Washington Environmetal Film Festival
The film The Innside Story: The Green River from the Alps was screened at the Embassy in the framework of the Washington Environmental Film Festival, followed by an expert-talk on renewable energy.
The 323-mile Inn River is Central Europe’s largest tributary of the Danube, flowing through Switzerland, the Austrian Tyrol and Bavaria. Through the ages, the Inn’s legendary natural beauty has generated unique cultural regions. It has many faces: extensive gravel banks, picturesque sandy islets and extensive wetlands and riparian forests.
The source of the Inn lies in the Engadin valley, in the Swiss canton of Graubünden – a famously gorgeous landscape with local populations of ibex and ptarmigans.

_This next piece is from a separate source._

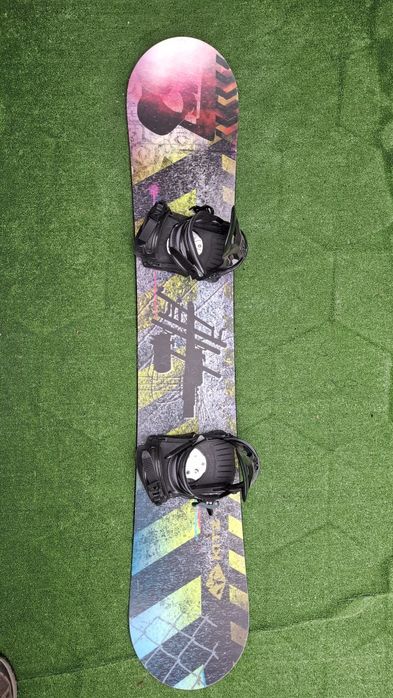 Placa snowboard 163 cm cu legaturi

In Tyrol and Bavaria, where the river finally empties into the Danube, beavers and European otters that take advantage of the Inn as a habitat can be watched.
The film, however, also addresses the serious threats and concerns the river faces today: signs of massive human intervention are clearly apparent all along the Inn’s course, and the consequences are suffered by animal and plant life alike. Still, a journey along the Inn is a glorious expedition into natural history. And it proves that what the Inn was once called, still applies: the Green River in the Alps.
Introduced by Andreas Pawlitschek, Counselor, Cultural Affairs and Director, Austrian Cultural Forum.
Followed by a discussion on renewable energy with
- Dr. Samuel Lee Hancock, President & Executive Director, EmeraldPlanet [www.emerald-planet.org] and
- Hans Kordik, Counselor for Agricultural and Environmental Affairs, Embassy of Austria.
- Guenter Hoermandinger, Counselor for Environment at the Delegation of the European Union.